I started with just two people to whom I addressed the remark and in about three minutes I had recruited about 300 women plus their escorts. The crowd began to close in on me real fast. I rushed up to Elvis, and got his permission to snap a photo of him with Bob and Elizabeth. But the mob was not to be restrained. They closed in on me and Elvis. My coat was torn off my back and I had to beat a hasty retreat before they broke my camera.
The male species stood by to see what type of individual this man really was. Some made snide remarks which could be heard by Elvis. Those he ignored completely. And it is common knowledge that while he put in his stint in the service without a murmur, he did take up Judo and got to be quite an expert at it. He is a tall, good looking, strapping man who coould handle himself easily in a fight. Yet, he was gentleman enough to ignore all these snide remarks and go about the business of signing the hundreds of autograph seekers´ books and papers.
Fortunately for me, I had learned a few tricks in the Marines and I assaulted the line again and got some fine action shots of Elvis signing autographs. I also got about three minutes of what you might call a summit conference interview.
Since his release from the Army, Elvis has inished his second film, "The Flaming Star." He was going cross country and this was his stopping place enroute. He wanted to stop at the O´Hare Inn because it was convenient, he had privacy and here could catch a cat nap. He had had only about four hours sleep on the plane and although he looked "bushed" he was amiable and cooperative.
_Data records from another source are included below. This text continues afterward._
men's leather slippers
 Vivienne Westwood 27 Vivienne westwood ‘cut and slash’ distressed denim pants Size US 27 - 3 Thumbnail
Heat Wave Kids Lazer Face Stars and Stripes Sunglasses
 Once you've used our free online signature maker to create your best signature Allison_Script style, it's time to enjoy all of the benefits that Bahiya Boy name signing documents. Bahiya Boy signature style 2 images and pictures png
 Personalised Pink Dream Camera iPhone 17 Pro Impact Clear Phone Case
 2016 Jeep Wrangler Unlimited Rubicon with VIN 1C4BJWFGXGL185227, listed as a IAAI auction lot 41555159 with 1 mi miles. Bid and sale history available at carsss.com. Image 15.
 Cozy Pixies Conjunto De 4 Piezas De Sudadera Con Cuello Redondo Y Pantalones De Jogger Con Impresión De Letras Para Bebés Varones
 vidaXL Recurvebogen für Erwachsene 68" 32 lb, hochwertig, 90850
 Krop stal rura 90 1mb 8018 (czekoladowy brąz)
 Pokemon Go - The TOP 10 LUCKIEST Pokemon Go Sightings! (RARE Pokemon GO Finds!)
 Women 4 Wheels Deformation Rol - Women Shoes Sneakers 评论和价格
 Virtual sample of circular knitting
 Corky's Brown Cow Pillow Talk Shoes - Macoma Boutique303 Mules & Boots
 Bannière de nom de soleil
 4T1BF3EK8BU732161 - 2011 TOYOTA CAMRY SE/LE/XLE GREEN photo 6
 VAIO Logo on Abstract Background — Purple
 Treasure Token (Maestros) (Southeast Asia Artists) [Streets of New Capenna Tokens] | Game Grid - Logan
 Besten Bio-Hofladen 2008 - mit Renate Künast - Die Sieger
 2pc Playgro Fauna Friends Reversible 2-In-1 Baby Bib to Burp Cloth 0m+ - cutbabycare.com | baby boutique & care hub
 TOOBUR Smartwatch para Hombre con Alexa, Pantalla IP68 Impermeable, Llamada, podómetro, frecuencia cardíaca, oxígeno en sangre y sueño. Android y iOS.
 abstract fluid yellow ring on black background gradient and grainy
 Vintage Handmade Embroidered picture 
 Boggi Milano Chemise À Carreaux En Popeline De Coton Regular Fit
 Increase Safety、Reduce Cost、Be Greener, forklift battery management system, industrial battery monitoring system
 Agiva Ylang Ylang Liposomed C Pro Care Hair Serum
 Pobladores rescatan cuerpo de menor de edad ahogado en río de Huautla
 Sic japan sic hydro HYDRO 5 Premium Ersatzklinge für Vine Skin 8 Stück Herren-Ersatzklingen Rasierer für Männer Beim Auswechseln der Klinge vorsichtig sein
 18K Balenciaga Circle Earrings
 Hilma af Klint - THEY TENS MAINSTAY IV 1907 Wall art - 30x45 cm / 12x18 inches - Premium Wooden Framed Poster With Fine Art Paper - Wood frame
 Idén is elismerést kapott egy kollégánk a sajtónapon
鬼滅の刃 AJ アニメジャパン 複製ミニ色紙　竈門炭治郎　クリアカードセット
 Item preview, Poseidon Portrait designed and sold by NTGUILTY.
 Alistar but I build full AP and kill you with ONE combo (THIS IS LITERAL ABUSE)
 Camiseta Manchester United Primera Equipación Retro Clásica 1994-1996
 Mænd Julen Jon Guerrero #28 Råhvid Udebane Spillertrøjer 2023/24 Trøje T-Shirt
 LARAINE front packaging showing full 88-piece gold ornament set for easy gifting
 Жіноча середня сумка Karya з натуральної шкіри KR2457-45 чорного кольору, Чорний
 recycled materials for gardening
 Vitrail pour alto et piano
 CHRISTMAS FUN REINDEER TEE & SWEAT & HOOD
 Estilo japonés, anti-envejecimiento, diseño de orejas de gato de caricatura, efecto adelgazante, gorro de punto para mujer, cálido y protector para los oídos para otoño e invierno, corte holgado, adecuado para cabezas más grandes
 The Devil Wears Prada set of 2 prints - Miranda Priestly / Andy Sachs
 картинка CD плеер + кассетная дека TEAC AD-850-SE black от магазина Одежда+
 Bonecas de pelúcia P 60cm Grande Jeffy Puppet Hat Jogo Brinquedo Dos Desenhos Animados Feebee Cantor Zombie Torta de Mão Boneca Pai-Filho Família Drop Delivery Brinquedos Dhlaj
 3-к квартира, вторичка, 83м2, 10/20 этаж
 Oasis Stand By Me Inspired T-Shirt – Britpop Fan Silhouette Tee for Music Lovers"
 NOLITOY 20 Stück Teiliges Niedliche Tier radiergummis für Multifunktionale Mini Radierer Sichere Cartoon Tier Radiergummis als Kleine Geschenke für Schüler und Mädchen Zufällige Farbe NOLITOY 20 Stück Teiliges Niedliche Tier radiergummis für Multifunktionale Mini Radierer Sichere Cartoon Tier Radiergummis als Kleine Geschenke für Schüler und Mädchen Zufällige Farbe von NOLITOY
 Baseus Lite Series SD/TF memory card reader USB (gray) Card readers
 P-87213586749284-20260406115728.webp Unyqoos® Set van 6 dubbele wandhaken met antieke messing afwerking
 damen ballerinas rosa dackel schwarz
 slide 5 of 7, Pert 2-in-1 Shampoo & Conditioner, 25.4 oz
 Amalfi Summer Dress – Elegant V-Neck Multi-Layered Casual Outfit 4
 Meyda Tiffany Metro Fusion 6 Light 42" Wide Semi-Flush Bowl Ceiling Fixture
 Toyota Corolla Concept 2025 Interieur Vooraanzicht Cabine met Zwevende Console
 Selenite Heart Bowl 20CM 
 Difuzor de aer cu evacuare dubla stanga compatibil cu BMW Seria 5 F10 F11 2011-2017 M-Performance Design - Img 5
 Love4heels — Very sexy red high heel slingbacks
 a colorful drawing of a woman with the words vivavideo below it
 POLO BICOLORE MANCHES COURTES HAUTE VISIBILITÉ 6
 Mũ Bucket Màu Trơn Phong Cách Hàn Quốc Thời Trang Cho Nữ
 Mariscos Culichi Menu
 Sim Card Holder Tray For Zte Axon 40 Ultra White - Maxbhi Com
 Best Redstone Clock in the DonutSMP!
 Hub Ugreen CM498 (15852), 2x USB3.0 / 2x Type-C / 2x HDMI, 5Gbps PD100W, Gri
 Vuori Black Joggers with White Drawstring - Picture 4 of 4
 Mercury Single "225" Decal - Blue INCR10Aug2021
When I asked to photograph him, he apologized for his appearance. He did not wear a tie; his shirt was open at the neck; his face was haggard and drawn and the only thing he had to say was "I´m a little bit bushed. Tell me what you want me to do and I´ll do it." It was just that simple. No grandiose plays about this man. And, if he is subjected to this type of abuse by the public he certainly has wonderful self discipline and a good sense of humor.
The average individual would have said "deliver me from this!" Elvis made no effort to impress us with his stardom. In the total time of 15 minutes my son and Elizabeth had to talk to him, he made a lasting impression upon us. If this is an example of what a star should be like, then we´re all for him.
One woman came up to him and boldly asked for a kiss. At first he said, "this is no place for that!" She chided him for the remark and dared him to kiss her on the cheek. He apologized to us and obliged the lady with a kiss on the cheek. She walked out of the crowd and disappeared in the night. We never did see her again to get her reaction to the kiss. She seemed to be walking on air as she left.
As the father of four sons, Elvis has left me with this impression. I wish my kids could sing and act like that boy does. He just walks to the bank with his money...or should I say drives to the bank in one of four Cadillacs.
In all seriousness, this boy is O-K as far as I am concerned. He acted like a gentleman and he is one. He could do no wrong, and that´s a wonderful way to leave your public.